**BRIEF:** Only one span of the listing below should come back. It runs from the line with "допомога зсу" through the line with "Photo 12 Mini", and each of its lines must be reproduced exactly.

────────────────────────────────────────

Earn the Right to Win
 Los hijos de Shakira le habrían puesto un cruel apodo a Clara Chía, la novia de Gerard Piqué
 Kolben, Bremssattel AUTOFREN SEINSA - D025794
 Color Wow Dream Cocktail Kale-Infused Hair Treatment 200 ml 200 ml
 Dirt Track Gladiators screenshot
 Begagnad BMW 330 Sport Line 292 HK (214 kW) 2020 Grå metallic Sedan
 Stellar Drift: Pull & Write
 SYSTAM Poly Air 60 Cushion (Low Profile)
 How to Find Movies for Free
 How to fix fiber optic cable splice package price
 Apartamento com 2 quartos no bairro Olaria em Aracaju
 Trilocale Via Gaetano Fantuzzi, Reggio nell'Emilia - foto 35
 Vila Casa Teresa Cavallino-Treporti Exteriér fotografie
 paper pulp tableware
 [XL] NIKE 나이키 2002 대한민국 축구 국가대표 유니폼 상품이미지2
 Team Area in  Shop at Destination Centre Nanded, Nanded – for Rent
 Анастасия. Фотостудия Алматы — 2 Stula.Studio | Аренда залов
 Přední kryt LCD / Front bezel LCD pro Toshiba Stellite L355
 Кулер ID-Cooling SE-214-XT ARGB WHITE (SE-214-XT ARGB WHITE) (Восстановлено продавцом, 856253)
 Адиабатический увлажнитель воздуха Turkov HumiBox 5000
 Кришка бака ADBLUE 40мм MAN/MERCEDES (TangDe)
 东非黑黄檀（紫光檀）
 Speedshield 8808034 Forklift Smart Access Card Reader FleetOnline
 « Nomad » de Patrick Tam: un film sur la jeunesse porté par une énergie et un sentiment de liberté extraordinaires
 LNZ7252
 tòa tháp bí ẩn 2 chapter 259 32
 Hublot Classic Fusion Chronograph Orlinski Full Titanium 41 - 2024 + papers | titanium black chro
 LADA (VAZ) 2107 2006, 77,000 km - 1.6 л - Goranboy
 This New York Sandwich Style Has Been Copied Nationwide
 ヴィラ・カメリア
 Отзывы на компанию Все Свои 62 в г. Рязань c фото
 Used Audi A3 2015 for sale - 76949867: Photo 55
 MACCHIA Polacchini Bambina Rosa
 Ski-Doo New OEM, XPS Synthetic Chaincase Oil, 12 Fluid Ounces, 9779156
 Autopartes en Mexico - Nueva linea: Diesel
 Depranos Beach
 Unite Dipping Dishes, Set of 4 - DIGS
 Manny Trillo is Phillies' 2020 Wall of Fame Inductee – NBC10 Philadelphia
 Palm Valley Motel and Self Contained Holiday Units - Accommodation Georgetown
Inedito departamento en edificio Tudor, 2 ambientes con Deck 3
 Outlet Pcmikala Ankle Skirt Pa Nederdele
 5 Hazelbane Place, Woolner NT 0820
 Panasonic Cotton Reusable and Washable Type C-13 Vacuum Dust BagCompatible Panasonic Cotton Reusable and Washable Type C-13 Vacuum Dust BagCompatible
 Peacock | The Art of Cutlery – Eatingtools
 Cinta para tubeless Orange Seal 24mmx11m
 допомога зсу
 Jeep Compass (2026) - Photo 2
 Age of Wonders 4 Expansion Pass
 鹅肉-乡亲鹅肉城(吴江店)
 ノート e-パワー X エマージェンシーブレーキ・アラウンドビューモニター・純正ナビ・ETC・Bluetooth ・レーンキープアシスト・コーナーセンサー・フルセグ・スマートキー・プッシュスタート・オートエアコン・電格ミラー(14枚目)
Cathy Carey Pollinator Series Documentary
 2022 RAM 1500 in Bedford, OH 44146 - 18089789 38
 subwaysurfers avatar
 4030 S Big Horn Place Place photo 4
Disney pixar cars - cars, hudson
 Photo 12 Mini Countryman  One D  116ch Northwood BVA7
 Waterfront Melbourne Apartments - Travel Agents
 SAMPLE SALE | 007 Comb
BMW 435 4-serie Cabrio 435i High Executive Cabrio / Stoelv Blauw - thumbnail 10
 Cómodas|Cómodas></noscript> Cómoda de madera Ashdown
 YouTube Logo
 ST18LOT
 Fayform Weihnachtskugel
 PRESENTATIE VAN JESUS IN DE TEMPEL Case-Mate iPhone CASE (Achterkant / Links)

────────────────────────────────────────

**EXERCISE RESPONSE:**
 допомога зсу
 Jeep Compass (2026) - Photo 2
 Age of Wonders 4 Expansion Pass
 鹅肉-乡亲鹅肉城(吴江店)
 ノート e-パワー X エマージェンシーブレーキ・アラウンドビューモニター・純正ナビ・ETC・Bluetooth ・レーンキープアシスト・コーナーセンサー・フルセグ・スマートキー・プッシュスタート・オートエアコン・電格ミラー(14枚目)
Cathy Carey Pollinator Series Documentary
 2022 RAM 1500 in Bedford, OH 44146 - 18089789 38
 subwaysurfers avatar
 4030 S Big Horn Place Place photo 4
Disney pixar cars - cars, hudson
 Photo 12 Mini Countryman  One D  116ch Northwood BVA7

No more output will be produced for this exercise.